Error message occuring before the loop starts (only one such message):

    [junit] 16-Feb-2016 17:30:31.285 SEVERE [http-apr-127.0.0.1-auto-6-Poller] org.apache.tomcat.util.net.AprEndpoint$Poller.run Poller failed with error [9] : [Bad file number]

Relevant stacks:

main seems to hang in

    [junit] "main" prio=3 tid=0x0002a400 nid=0x2 runnable [0xfdf7d000]
    [junit]    java.lang.Thread.State: RUNNABLE
    [junit]     at org.apache.tomcat.jni.Pool.destroy(Native Method)
    [junit]     at org.apache.tomcat.util.net.AprEndpoint$Sendfile.destroy(AprEndpoint.java:2147)
    [junit]     at org.apache.tomcat.util.net.AprEndpoint.stopInternal(AprEndpoint.java:781)
    [junit]     at org.apache.tomcat.util.net.AbstractEndpoint.stop(AbstractEndpoint.java:814)
    [junit]     at org.apache.coyote.AbstractProtocol.stop(AbstractProtocol.java:517)
    [junit]     at org.apache.catalina.connector.Connector.stopInternal(Connector.java:1011)
    [junit]     at org.apache.catalina.util.LifecycleBase.stop(LifecycleBase.java:224)
    [junit]     - locked <0xe6337060> (a org.apache.catalina.connector.Connector)
    [junit]     at org.apache.catalina.core.StandardService.stopInternal(StandardService.java:517)
    [junit]     - locked <0xe633eb28> (a java.lang.Object)
    [junit]     at org.apache.catalina.util.LifecycleBase.stop(LifecycleBase.java:224)
    [junit]     - locked <0xe633ea58> (a org.apache.catalina.core.StandardService)
    [junit]     at org.apache.catalina.core.StandardServer.stopInternal(StandardServer.java:790)
    [junit]     at org.apache.catalina.util.LifecycleBase.stop(LifecycleBase.java:224)
    [junit]     - locked <0xe633e2c8> (a org.apache.catalina.core.StandardServer)
    [junit]     at org.apache.catalina.startup.Tomcat.stop(Tomcat.java:355)
    [junit]     at org.apache.catalina.startup.TomcatBaseTest.tearDown(TomcatBaseTest.java:218)
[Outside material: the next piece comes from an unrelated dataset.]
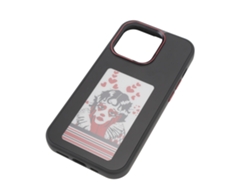 Case De Telefone Projeção Nfc Tela De Tinta 3,7 Polegadas Diy Anti-queda Anti-derrapante Para Ios 14 Pro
Poller seems to loop, whenever I look it is in:

    [junit] "http-apr-127.0.0.1-auto-6-Poller" daemon prio=3 tid=0x004fbc00 nid=0x4d runnable [0xb2aff000]
    [junit]    java.lang.Thread.State: RUNNABLE
    [junit]     at org.apache.tomcat.jni.Poll.create(Native Method)
    [junit]     at org.apache.tomcat.util.net.AprEndpoint.allocatePoller(AprEndpoint.java:881)
    [junit]     at org.apache.tomcat.util.net.AprEndpoint$Poller.run(AprEndpoint.java:1988)
    [junit]     at java.lang.Thread.run(Thread.java:745)
    [junit]

Regards,

Rainer
Comment 1 Rainer Jung 2016-02-16 19:02:12 UTC
Additional info:

- truss does not show any system call activity.
- unfortunately I forgot to use pstack to get info about the native frames
Comment 2 Mark Thomas 2016-02-23 20:29:43 UTC
It looks like the Poller thread enters the if (reset) { ... block during shutdown. That looks like it could create all sorts of chaos. Fixing that should be fairly easy.
Comment 3 Mark Thomas 2016-02-23 20:39:56 UTC
OK. Fixed in 9.0.x (for 9.0.0.M4 onwards), 8.0.x (for 8.0.33 onwards) and 7.0.x (for 7.0.69 onwards).